I don’t pretend to know how to completely synthesize the unreflective executive action of the Self with the history of its habitual past, but the discrepancy between deliberate (reflective) action and reactionary (unreflective) action has led me to dream up a fantasy afterlife:
The Infinite Library
This idea is my most favorite concept of the “Afterlife”, if there is one. I don’t spend my waking days thinking that there is an afterlife, since for me, the question of existence is only in the moment of time, and outside of time I have no bearings, and thus no expectations. BUT! If I were to die today, this would be my fantasy.

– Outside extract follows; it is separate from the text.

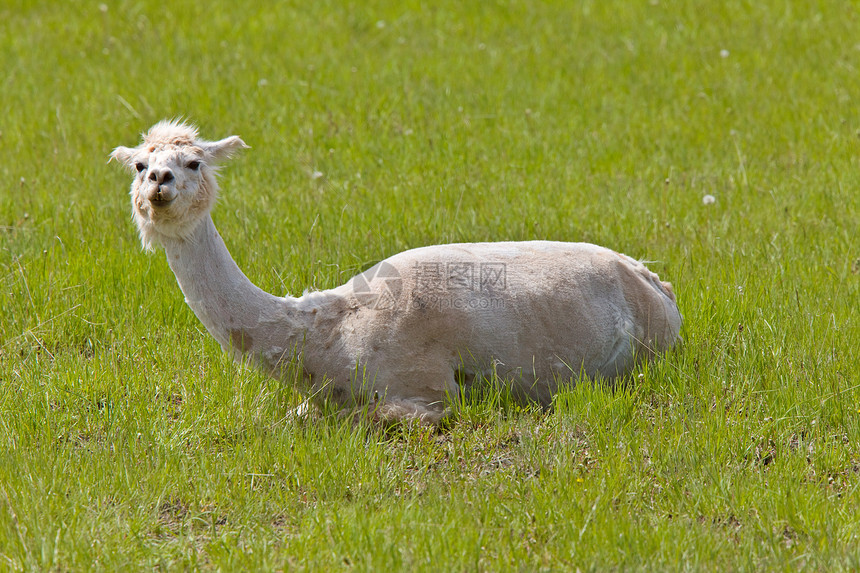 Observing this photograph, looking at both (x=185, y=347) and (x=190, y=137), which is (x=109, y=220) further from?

So, my body is inflicted with a mortal wound, and my spirit floats up to heaven. Everything is white, and fluffy, with gold trim, and smells like waterlillies. I walk up to the gate, and God is there to greet me. It’s not a new or unfamiliar moment like you’d expect, but rather, I feel right at home, and to top it off, God and I have a secret handshake! So, God and I sort of effortlessly drift across the pathway through an environment so profoundly infinite and unimaginably aesthetic, that I cannot help but get goose bumps — on my soul! I mean, get real. This is heaven were talking about; and not just ANY heaven — the one made in MY mind! So, of course, this is a heaven that transcends time, and space, and does so in infinite ways. All around me I see famous and infamous people from our history books: lincoln, Ghandi, Arendt, Napolean, my father, and my grandparents, and Matt Dirnbauer … I don’t know, you name it. And there’s even people from the future there: you guys, and Seinfeld, and that little boy from “Jerry Maguire,” etc. I mean, sure, people are spread out all over the place, but you can get anywhere in heaven in just a matter of minutes … plus, you’re there for an eternity, so finally you’ve got time on your side.
So, God shows me to my room. It’s a white door, discreet and modest, and fits in with the neighborhood. My number, 33, is on the door, and that’s chill. There’s front doors on either side of mine that must lead to the neighbors abode, but we’re in heaven, so upon entering my room, I realize I too have an infinite amount of space - in my room! There are bedrooms, and kitchens, and toy rooms, and basements. There are rainforests, and deserts, and mountains and lots of ice cream. It’s my room, whaddya expect? God leaves me to my pad, and I’m very thankful. The body’s feeling good. I’ve got great music in the sterero, and I’m already thinking about takinga walk outside and visiting some friends, you know, maybe grab an ice cold Pabst in a bottle. But then I notice something particular in my room. Not sure how I missed when i first walked in, I take a closer step to it. On the far east wall of my den is a shelf of video that goes from floor to ceiling, and runs infinitely down the side the room. We’re talkin’ infinte tapes!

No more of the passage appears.